__Work request__:
Write out the listing from the line with "Tinta para Tecido" to the line with "HG super kracht toiletreiniger 500 ml.", both lines included, exactly and nothing beyond. Leave pictures out.

__Dataset entries__:
::::
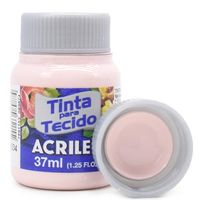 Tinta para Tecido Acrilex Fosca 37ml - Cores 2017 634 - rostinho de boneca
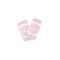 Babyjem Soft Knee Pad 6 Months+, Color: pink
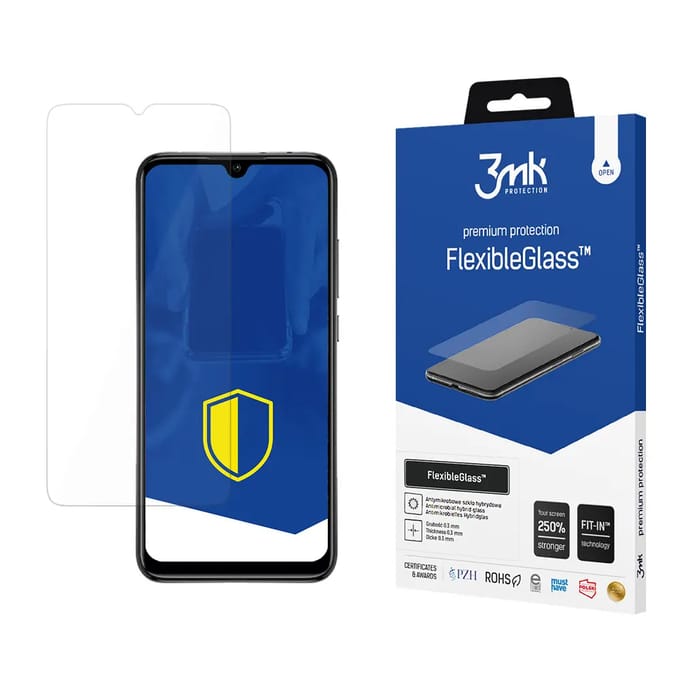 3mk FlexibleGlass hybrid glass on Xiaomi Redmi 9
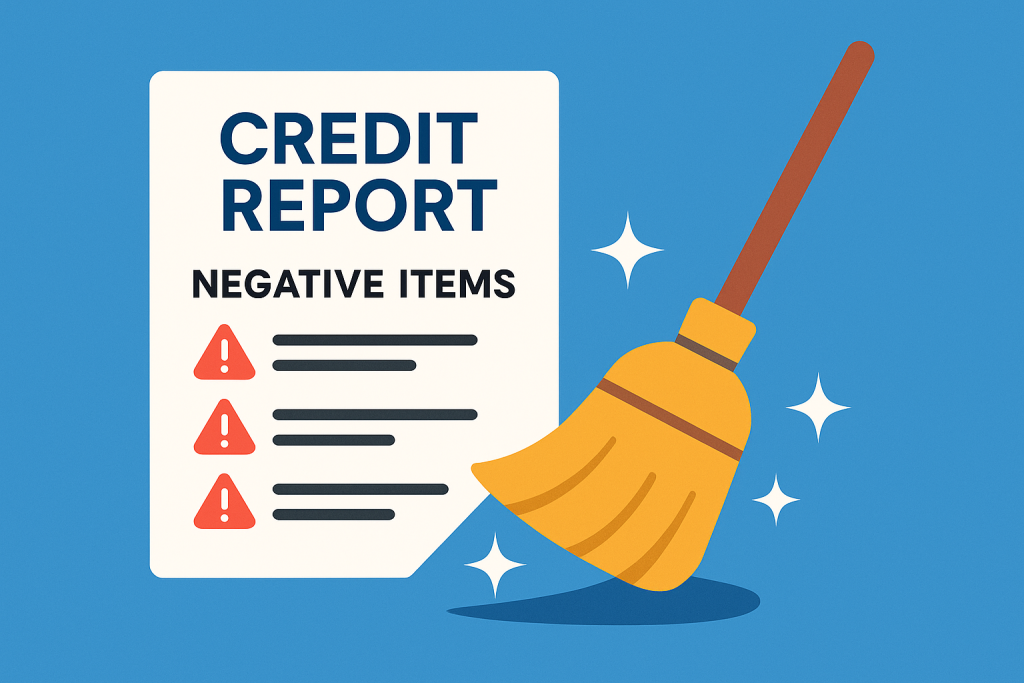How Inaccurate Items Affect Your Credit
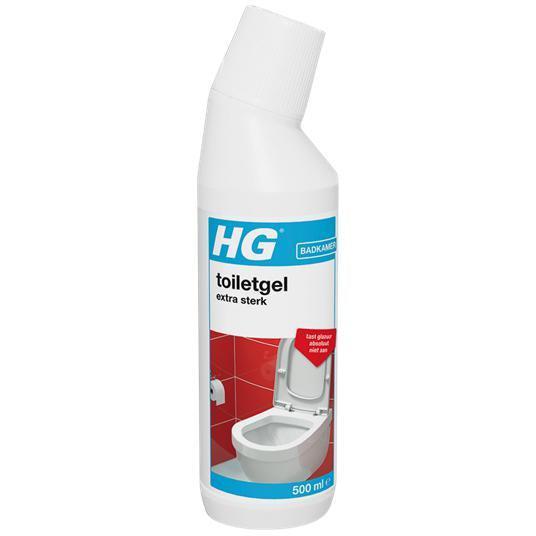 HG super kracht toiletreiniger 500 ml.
::::
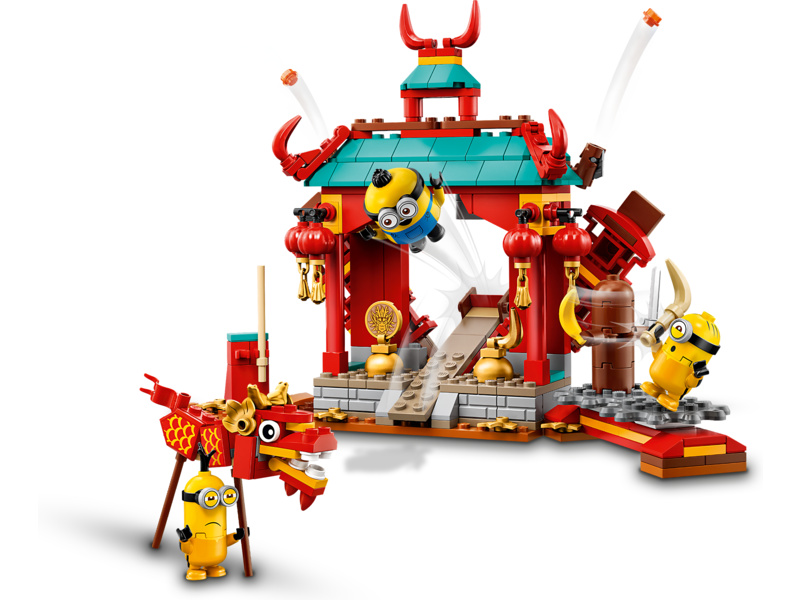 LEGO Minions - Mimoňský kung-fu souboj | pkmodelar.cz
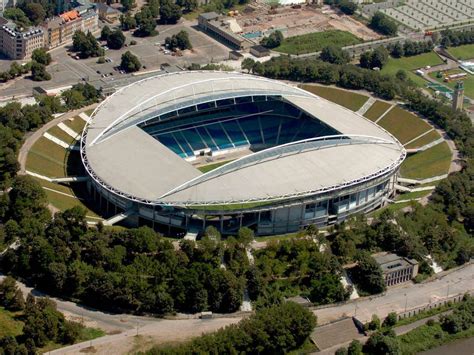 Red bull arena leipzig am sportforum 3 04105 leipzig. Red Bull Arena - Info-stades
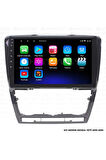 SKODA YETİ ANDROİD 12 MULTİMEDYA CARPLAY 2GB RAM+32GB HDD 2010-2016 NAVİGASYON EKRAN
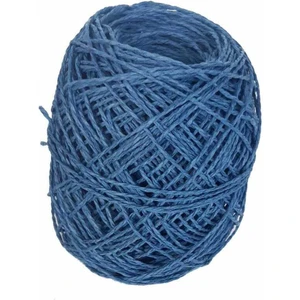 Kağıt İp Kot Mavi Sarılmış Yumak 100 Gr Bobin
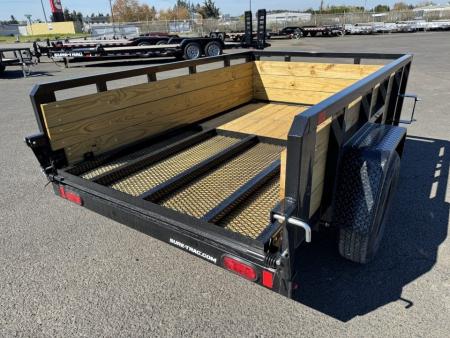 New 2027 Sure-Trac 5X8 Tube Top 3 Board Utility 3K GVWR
::::
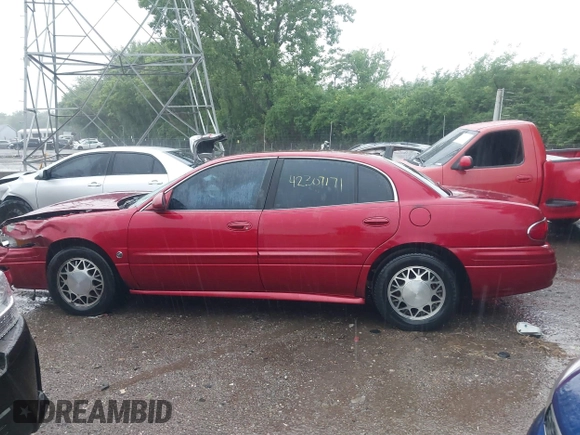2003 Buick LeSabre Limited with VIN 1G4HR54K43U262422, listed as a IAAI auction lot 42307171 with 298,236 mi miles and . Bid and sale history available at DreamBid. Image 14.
::::
__Response to this exercise__:
 Tinta para Tecido Acrilex Fosca 37ml - Cores 2017 634 - rostinho de boneca
 Babyjem Soft Knee Pad 6 Months+, Color: pink
 3mk FlexibleGlass hybrid glass on Xiaomi Redmi 9
How Inaccurate Items Affect Your Credit
 HG super kracht toiletreiniger 500 ml.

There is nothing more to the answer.